The subject may sound a little cryptic, so i'll try my best to explain.
Details are unavailable, as i am under a nondisclosure agreement, but
i'm looking for general principles and tips, not necessarily fixes for
existing code.
There is a website that requires me to log in using a web-form.
Obviously, POST vars are sent and verified and on success i'm given a
Session and/or Cookie. Within this logged-in area, there are links
leading to data query result pages. "Click here for your recent
transactions" kind of thing.
Those results pages are what i want to get to, but through some kind of
script that parses the results that get served out, not by user
interaction. i want to send a request for a link within that logged in
area and have the results served to my script, then parse out specific
data from those results and in turn serve them to a user in my own
page.
i know that sounds shady, but the login is legitimate, the data access
is legitimate, and the credentials are also valid.

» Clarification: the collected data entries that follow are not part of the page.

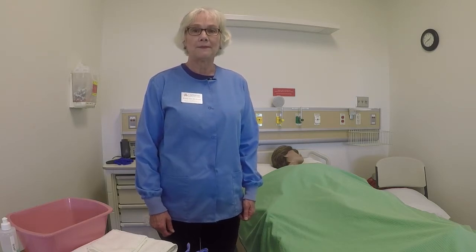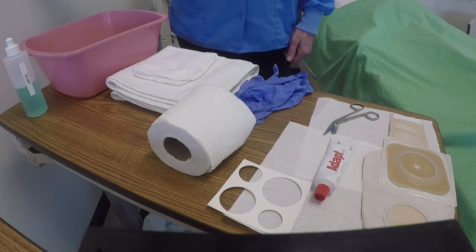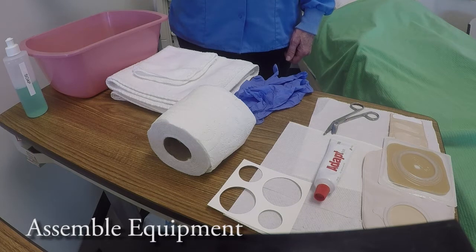I'm going to demonstrate the Nursing Assistant's skill for ostomy care for the established non-acute stoma ostomy. I call this the ABCs of replacing an ostomy bag. A is for assemble equipment.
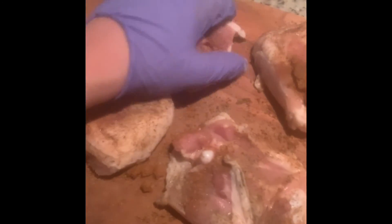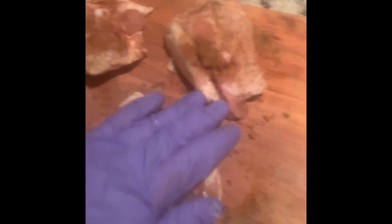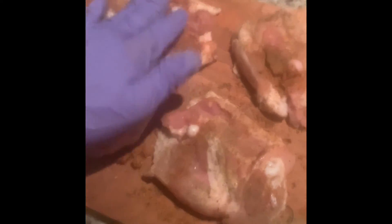Then we're gonna put it in that Ziploc bag over there, put it in the fridge until 8:30 or so, and then brown it around 8:30. Then we'll put it in that beautiful slow cooker. All right, catch you later.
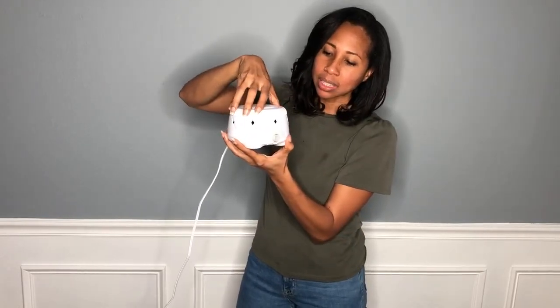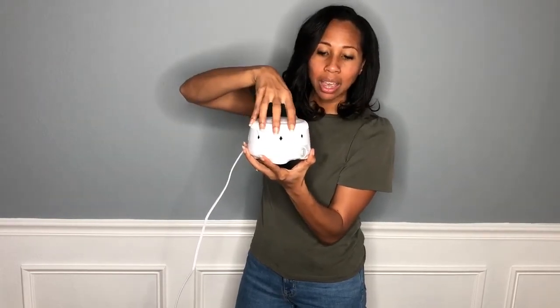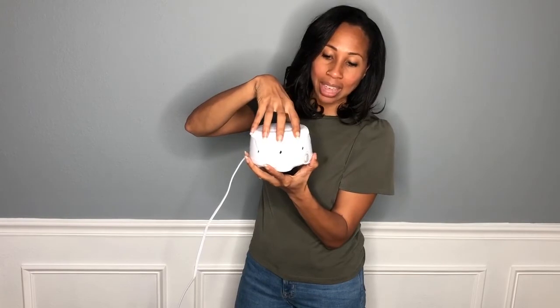Once you turn it on, all you have to do is turn the little top here and you can regulate the sound. This is a low setting, and when you turn it, it goes to a higher setting — it's up to you what setting you'd like to have it on.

The problem is, i
can't request a direct database link to the server hosting the actual
data because of this nondisclosure agreement. It would require
divulging the reasons for the need for such access, which my employer
is not willing to reveal at this time.
If there's anyone who can offer ideas or help, and wishes to keep
possible answers off the public board, please email me. i realize this
is a long shot, and i doubt that even if there IS a way, that anyone
would be willing/able. But i gotta try.
Thanks all.
-joe 6 2111
joe t. wrote:
The subject may sound a little cryptic, so i'll try my best to explain.
Details are unavailable, as i am under a nondisclosure agreement, but
i'm looking for general principles and tips, not necessarily fixes for
existing code.
<snip long winded explanation>
So you want to copy someone else's data and you've only got an HTTP
interface intended for humans to the remote system.
There's plenty of companies doing this already - no need to be shy.
How simple it is depends on how well their site is written - assuming it is
well written you should be able to parse the pages with the XML parser. How
to get the pages? That's rather up to you - you could use a site ripper
like pavuk or write your own spider, e.g. using snoopy.
HTH
C.
On 10 Aug 2006 14:25:33 -0700, "joe t." <th*******@gmai l.comwrote:
>There is a website that requires me to log in using a web-form. Obviously, POST vars are sent and verified and on success i'm given a Session and/or Cookie. Within this logged-in area, there are links leading to data query result pages. "Click here for your recent transactions " kind of thing.
Those results pages are what i want to get to, but through some kind of script that parses the results that get served out, not by user interaction. i want to send a request for a link within that logged in area and have the results served to my script, then parse out specific data from those results and in turn serve them to a user in my own page.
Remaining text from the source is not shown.